ENTRIES SUPPLIED

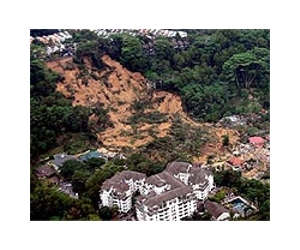 At least 12 dead in Malaysia orphanage landslide
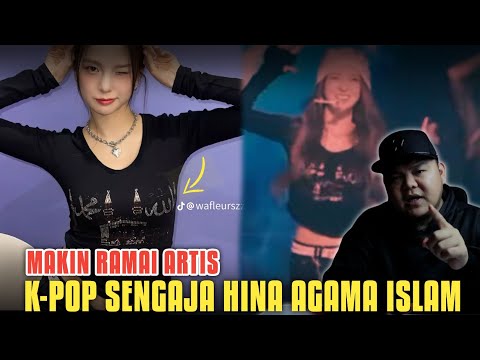 ARTIS KPOP H1NA AGAM4 ISLAM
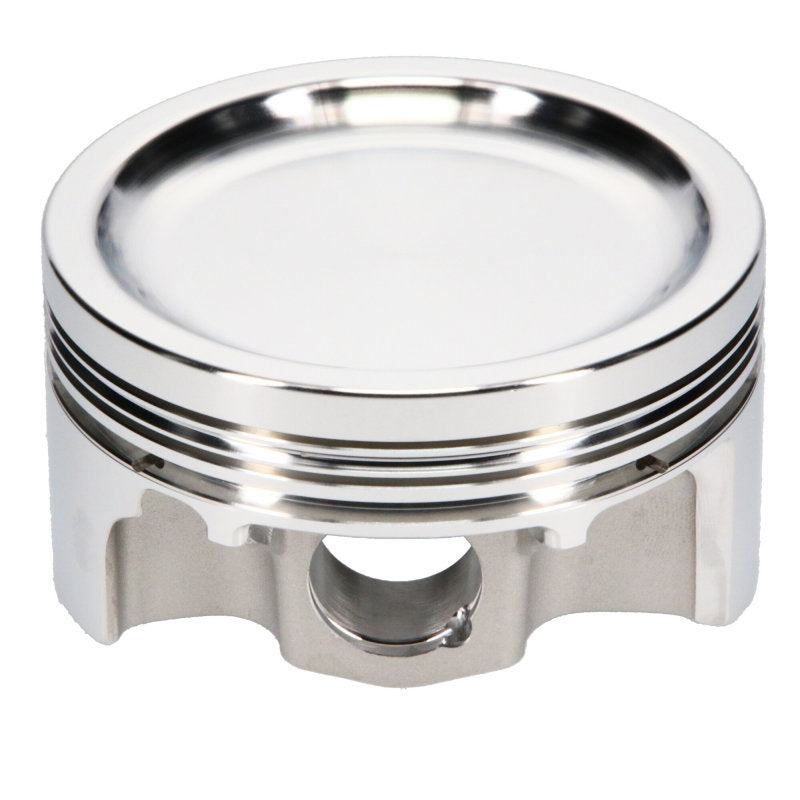 JE Pistons Nissan KA24DE 89mm Bore 11.5:1 CR -13.5cc Dome Piston Kit (Set of 4) 317927 317927 User 2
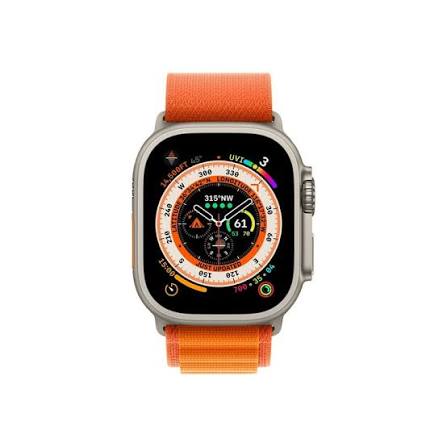 ساعت هوشمند طرح اپل واچ اولترا مدل X ULTRA اصلی | سایز 49mm — تصویر ۸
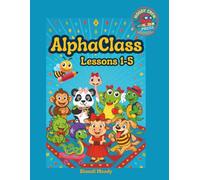 AlphaClass Lessons 1-5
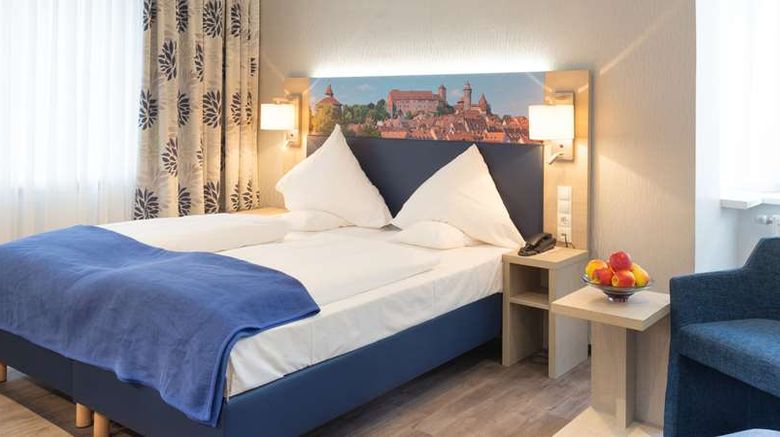 <b>Ringhotel Loew's Merkur Room</b>. Images powered by <a href="https://iceportal.shijigroup.com/" title="IcePortal" target="_blank">IcePortal</a>.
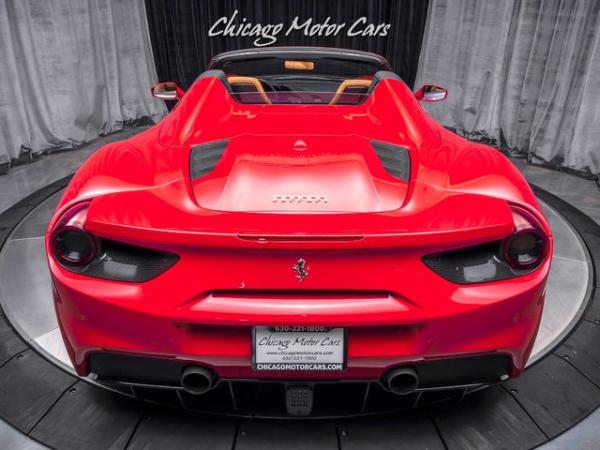 Used-2017-Ferrari-488-Spider-Convertible-MSRP-351360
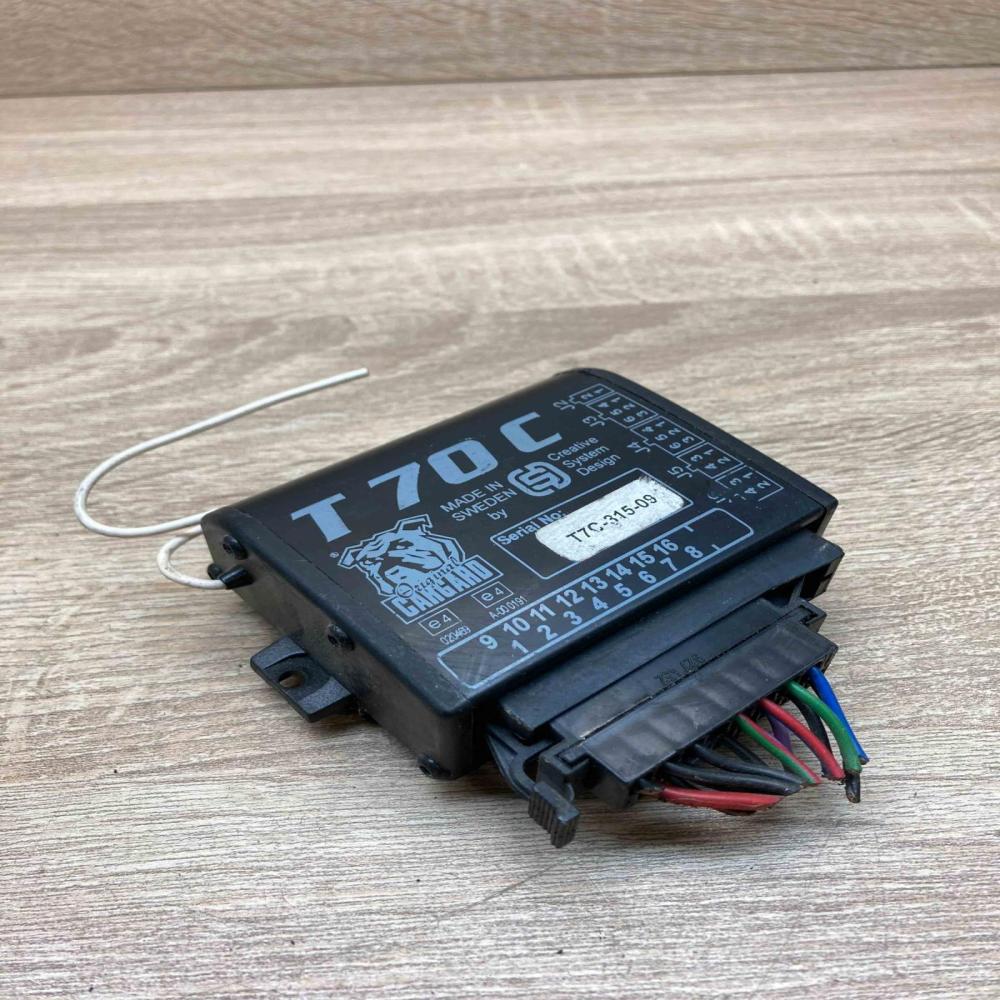 T7C 315 09 T70C  Comfort/convenience module BMW X5 E70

PROBLEM DESCRIPTION
Give the preceding data back exactly, minus every picture.

RESULT OF THE EXERCISE
 At least 12 dead in Malaysia orphanage landslide
 ARTIS KPOP H1NA AGAM4 ISLAM
 JE Pistons Nissan KA24DE 89mm Bore 11.5:1 CR -13.5cc Dome Piston Kit (Set of 4) 317927 317927 User 2
 ساعت هوشمند طرح اپل واچ اولترا مدل X ULTRA اصلی | سایز 49mm — تصویر ۸
 AlphaClass Lessons 1-5
 <b>Ringhotel Loew's Merkur Room</b>. Images powered by <a href="https://iceportal.shijigroup.com/" title="IcePortal" target="_blank">IcePortal</a>.
 Used-2017-Ferrari-488-Spider-Convertible-MSRP-351360
 T7C 315 09 T70C  Comfort/convenience module BMW X5 E70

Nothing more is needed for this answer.